Seven out of 18 of Northern Ireland’s constituencies voted to leave the EU in the 2016 referendum. Eleven voted to remain. In a recent address to students at University College Cork, Justice Minister Naomi Long put it this way: ‘Brexit forces a very black and white, binary set of choices on Northern Ireland’s society. Northern Ireland’s society functions best when we have shades of grey, because that can accommodate a wide spectrum of views.’ This goes far in explaining why the province remains divided on so many issues.
The border question wasn’t the only factor in the Brexit vote, but it remains one of the most contentious. The fallout has cast a dark shadow over Northern Ireland’s centenary year.

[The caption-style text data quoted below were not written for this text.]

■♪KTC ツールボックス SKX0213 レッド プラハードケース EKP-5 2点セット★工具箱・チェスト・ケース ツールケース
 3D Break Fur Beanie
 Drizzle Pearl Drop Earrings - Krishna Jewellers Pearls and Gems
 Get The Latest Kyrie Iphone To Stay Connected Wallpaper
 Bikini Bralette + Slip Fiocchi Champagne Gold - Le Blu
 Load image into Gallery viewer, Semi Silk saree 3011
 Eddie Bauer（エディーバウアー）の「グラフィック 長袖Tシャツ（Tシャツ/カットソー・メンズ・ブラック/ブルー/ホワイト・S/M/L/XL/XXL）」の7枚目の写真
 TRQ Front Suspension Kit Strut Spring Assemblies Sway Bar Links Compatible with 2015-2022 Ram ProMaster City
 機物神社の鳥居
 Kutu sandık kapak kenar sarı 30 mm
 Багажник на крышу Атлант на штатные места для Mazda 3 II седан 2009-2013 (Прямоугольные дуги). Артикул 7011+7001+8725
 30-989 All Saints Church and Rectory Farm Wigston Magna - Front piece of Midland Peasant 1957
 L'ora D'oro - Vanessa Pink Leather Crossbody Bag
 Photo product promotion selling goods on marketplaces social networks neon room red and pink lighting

It’s also put added strain on talks with ministers in Dublin at a time when the pandemic has made cross-border cooperation more critical.
In April, Arlene Foster announced she was stepping down as DUP leader and First Minister, saying the Protocol had ‘served to destabilise’ the country. Northern Ireland’s Agriculture, Environment and Rural Affairs Minister, Edwin Poots, who will be DUP leader as of 28 May, has vowed to do away with it altogether. In a recent poll by Queen’s University Belfast, more than two-thirds of respondents voiced concerns about the impact of Brexit and the Protocol on the local economy and political stability. Legacy issues and lack of accountability threaten to exacerbate tension in Northern Irish–Westminster relations. Tempers continue to flare in unionist and nationalist areas putting pressure on all parties to find solutions before the next potential flashpoint: the loyalist marching season in July.